The 36-year-old, who had previously spent 17 years studying and working in the US, admits that the deal was hard to beat. "Funding here is a big draw and less time is spent writing tedious research grants," she says.
But handsome job opportunities are only half the story. She yearns to feel an emotional connection to her country. "It has to be a story of falling in love with where you came from," says Huber, whose father is Swiss and mother, a Chinese Singaporean. "It would be nice to find that you genuinely feel that way."
Lawyer Moses Lin, who came back in 2006 from the UK, shares the same sentiment. Instead of using economics as a magnet, he suggests that the state focuses on "strengthening emotional attachments and creating a sense of ownership" by giving more people a say in how Singapore is run.
The 25-year-old founder of Confluence, an annual overseas symposium where Singaporean students engage in discussions with ministers, finds the state's hard-sell tactics a turn-off.
He recalls frequent visits by government delegations from Singapore while he was a law student at University College London. "They would always try to push the economic side, like getting people to join the public sector," he says with a grimace.

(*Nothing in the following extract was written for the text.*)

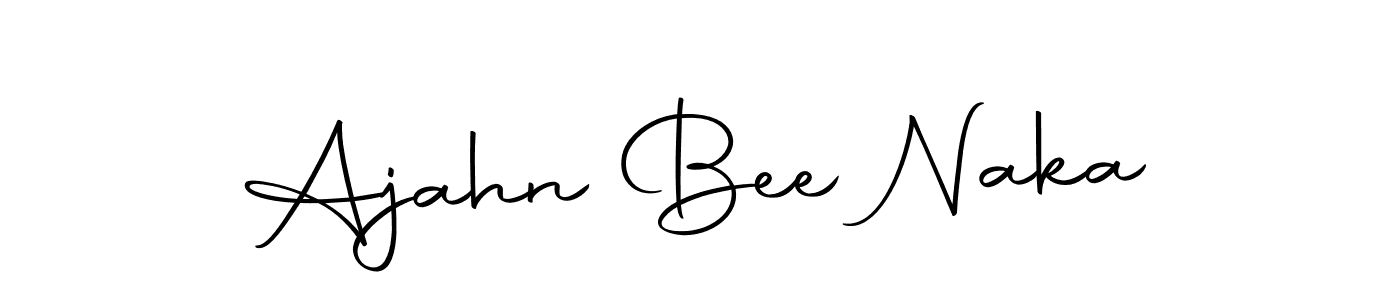 How to make Ajahn Bee Naka signature? Autography-DOLnW is a professional autograph style. Create handwritten signature for Ajahn Bee Naka name. Ajahn Bee Naka signature style 10 images and pictures png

The sales pitch was predictable: relatively low living costs compared to other major cities and a good track record of job creation over the last few years. The website of Contact Singapore, a partnership between the Economic Development Board and the manpower ministry to attract global talent, carries a list of the nation's growth industries and high-demand occupations.
But Lin points out: "If it's just about jobs, there are many cities in the world that are better. Lawyers in Hong Kong earn three to four times more than those here."
By replicating the work of headhunters and multinational corporations looking for overseas Singaporeans to fill local positions, efforts like Contact Singapore's may be redundant today.
International migration specialist and consultant to the United Nations Peter Stalker says: "I'm not sure that adds any value on top of what companies would be doing by themselves. I somehow doubt it."
Patriotism aside
Pockets and stomachs aside, the Government has also tried to appeal to the conscience of overseas Singaporeans. Despite the obvious attempts to tug at the heartstrings through rousing National Day songs and speeches, returnees say that the government's pleas have had little to do with their decisions to return.
"People go home because of their own reasons," says Stalker. "It's more of a question of nostalgia than guilt. It probably is a good idea to reach out, but don't guilt them. Unlike in undeveloped countries, it's not going to make them feel that they impoverish the country by staying away."
Few have responded to the call for loyalty. For starters, many overseas Singaporeans see themselves as Asians rather than Singaporeans.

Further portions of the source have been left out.